Más arriba de este refugio, llamado Mirador de los vientos, el cielo es permanentemente azul. Las nubes están siempre allá abajo. Las he visto tiritar de frío y deshacerse en lluvias que no me alcanzan. Son algo así como la intensidad que aquí tiene la altura, la que desnuda las palabras y hace sangrar a las mulas. Debajo de ellas viven las aves de vuelo corto, que sólo conocen su reverso. En cambio para el cóndor, que las domina, y cuyo vuelo permite la expansión de la cordillera, casi no existen; son como el polvo de su camino.

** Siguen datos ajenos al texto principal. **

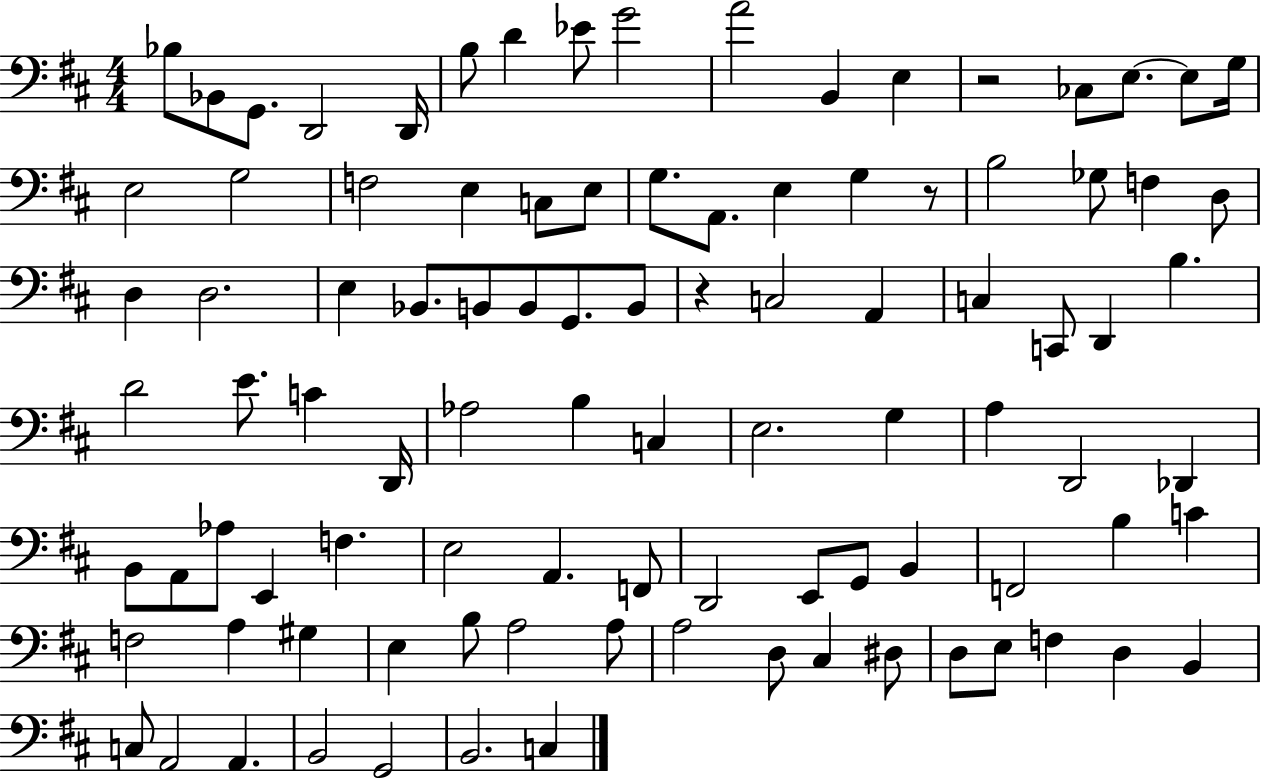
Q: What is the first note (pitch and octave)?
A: Bb3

El Mirador, integrado a la montaña, es circular, de techo abovedado, con un ventanal que da al abismo. Hay un hogar para el fuego, que alimento con raíces, especies de árboles disminuidos que para no helarse crecen bajo tierra. Cuando están vivas, asoman afuera apenas una pequeña forma que las conecta con la luz. El calor llega hasta el establo contiguo donde duerme la mula que me lleva y me trae. Mi mesa de trabajo está junto al ventanal Sobre ella hay un candelabro, un tintero, un diccionario, la Gramática de don Antonio de Nebrija En un arcón hay alimentos, tinta y hojas que amarillean por sus bordes. En la pared, una guitarra y las sombras de los objetos, incluyendo la mía, permanentemente proyectadas por las llamas del hogar.

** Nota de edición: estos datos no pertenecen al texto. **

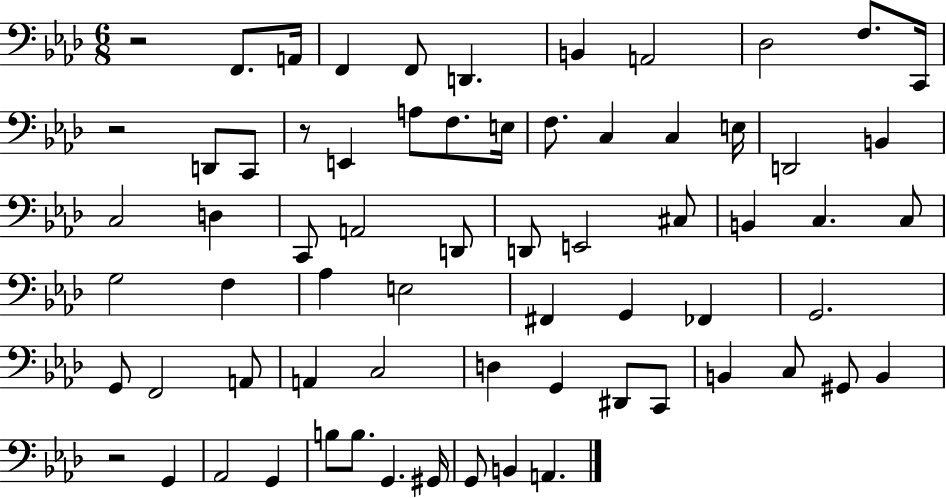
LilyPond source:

El estudio de ese antiguo tratado del lenguaje me ha enseñado a querer a las palabras. Las escribo viéndolas florecer, tocadas por la intensidad o desnudez de la altura; las oigo sonar en el silencio virgen de la expansión. Y son música, como afirma el gramático. Cada vez que escribo una, siento el latido del objeto encerrado por los signos. Las oigo vivir. Las palabras sacan a las cosas del olvido y las ponen en el tiempo; sin ellas, desaparecerían. Los cóndores, por ejemplo, caerían en mitad de su vuelo. Por eso cada vez que escucho el aleteo con que estas grandes aves se lanzan al espacio, digo cuidadosamente cóndor
, de modo que suenen bien todas sus letras, para que la palabra, además de las alas, ayude a sostenerlo.

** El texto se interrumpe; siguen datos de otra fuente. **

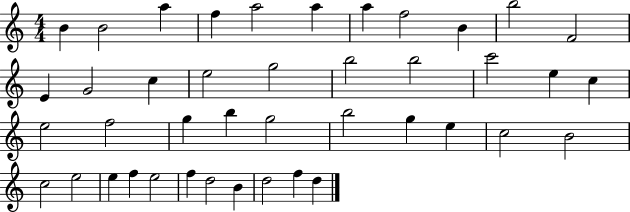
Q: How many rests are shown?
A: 0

Los pájaros de abajo, cuando arrastrados por el viento traspasan sus límites y penetran en las grandes alturas, dejan de cantar; es decir, pierden sus palabras. Sin ellas, ya no son aves; se convierten en trapos sucios en el vendaval. Y es una pena verlos rodar en los caprichos del viento, caer entre las rocas donde los devoran las hambrientas hormigas de la montaña Pájaro, pájaro
, les grito viéndolos caer. Pero ya han dejado de serlo: la palabra ha huido de ellos. Y se entregan silenciosos, todavía vivos, al festín de las hormigas.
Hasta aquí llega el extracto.